The African Cities Journal is a peer-reviewed journal that promotes a multi- and trans-disciplinary approach to urban planning. The Journal seeks to translate scientific evidence into practical recommendations to address the societal and spatial complexities of African cities. Therefore, we welcome contributions from different disciplinary perspectives (e.g., geography, public health, or information technologies) as long as they address urban planning challenges faced in the African continent and advance evidence-based recommendations. Please refer to the Journal’s Scope for more details.  

Types of Manuscripts Accepted

The journal accepts different manuscript types (see details below) that fit the above research scope.

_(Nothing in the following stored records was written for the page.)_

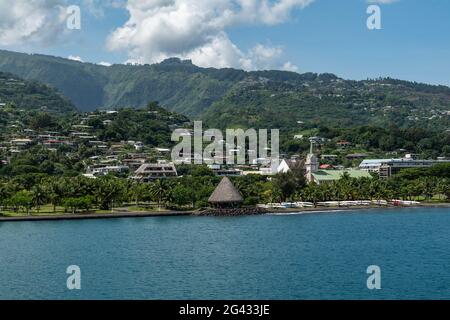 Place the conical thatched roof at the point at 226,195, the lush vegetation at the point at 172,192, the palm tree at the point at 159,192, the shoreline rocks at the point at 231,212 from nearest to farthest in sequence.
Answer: the lush vegetation at the point at 172,192, the shoreline rocks at the point at 231,212, the palm tree at the point at 159,192, the conical thatched roof at the point at 226,195

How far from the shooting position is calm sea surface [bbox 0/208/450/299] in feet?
108

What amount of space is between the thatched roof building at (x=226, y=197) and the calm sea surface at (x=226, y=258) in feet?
37.2

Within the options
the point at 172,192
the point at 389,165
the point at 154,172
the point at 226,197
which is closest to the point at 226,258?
the point at 226,197

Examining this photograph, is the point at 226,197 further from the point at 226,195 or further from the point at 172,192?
the point at 172,192

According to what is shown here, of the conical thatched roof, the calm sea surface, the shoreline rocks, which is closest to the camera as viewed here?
the calm sea surface

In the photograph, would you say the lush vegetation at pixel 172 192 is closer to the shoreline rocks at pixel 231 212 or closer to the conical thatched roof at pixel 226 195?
the conical thatched roof at pixel 226 195

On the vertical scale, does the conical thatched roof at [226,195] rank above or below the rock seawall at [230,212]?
above

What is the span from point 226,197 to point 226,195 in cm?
34

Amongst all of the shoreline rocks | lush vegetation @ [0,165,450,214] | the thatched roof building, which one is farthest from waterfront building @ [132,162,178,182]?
the shoreline rocks

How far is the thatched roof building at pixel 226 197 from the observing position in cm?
8056

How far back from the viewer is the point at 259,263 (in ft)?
135

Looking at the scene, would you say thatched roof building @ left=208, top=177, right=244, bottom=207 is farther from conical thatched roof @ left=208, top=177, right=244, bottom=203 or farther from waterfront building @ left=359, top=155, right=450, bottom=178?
waterfront building @ left=359, top=155, right=450, bottom=178

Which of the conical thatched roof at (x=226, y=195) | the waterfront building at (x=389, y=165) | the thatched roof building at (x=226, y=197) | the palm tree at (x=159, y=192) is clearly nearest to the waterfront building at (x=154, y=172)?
the palm tree at (x=159, y=192)

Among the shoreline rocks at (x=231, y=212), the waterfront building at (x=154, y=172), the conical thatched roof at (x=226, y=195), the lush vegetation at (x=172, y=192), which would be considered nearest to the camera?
the lush vegetation at (x=172, y=192)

Manuscripts must be structured according to the instructions below, based on their type. 

Original Research Article

This manuscript type presents new findings based on original research conducted by the authors, and should be structured as follows: 

  • Introduction: provide background information explaining the relevance of the research topic and state the research question or hypothesis. 
  • (if applicable) Literature review / Related works: provide the state-of-the-art related to the research topic (previous works on the same question) - this section is particularly important for Review articles (see "Review Article” sub-section). 
  • Methods: describe the study design, materials, and procedures used (including data collection and analysis methods. 
  • (if applicable) Ethical considerations: for studies involving human subjects or animals, provide details of ethical approval (reference number and name of competent organization) 
  • Results: present the study’s findings (may include tables, figures, or other visual representations of data). 
  • Discussion: interpret and contextualize the results in relation to the research question and previous studies addressing the same topic, and address the results’ practical implications, limitations, and potential future research directions. 
  • Conclusion: summarize, in 1-2 paragraphs, the main findings and their significance, and restate the study's contribution to the field. 
  • (if applicable) Acknowledgments: recognize individuals or organizations that contributed to the research but do not meet the criteria for authorship. 
  • Declarations: see “Ethical Principles”. 
  • Authors’ contributions: authors must specify their contributions using the specific terms listed in the subsection “Authorship Criteria” below. 
  • References: authors must apply the “APA” style. For more detailed information, please refer to the free tutorial provided by the American Psychological Association, as well as their APA style summary and examples. We strongly encourage authors to use a reference manager software to avoid errors in this section.  
  • (if applicable) Supporting Information / Supplementary Materials: see details below. 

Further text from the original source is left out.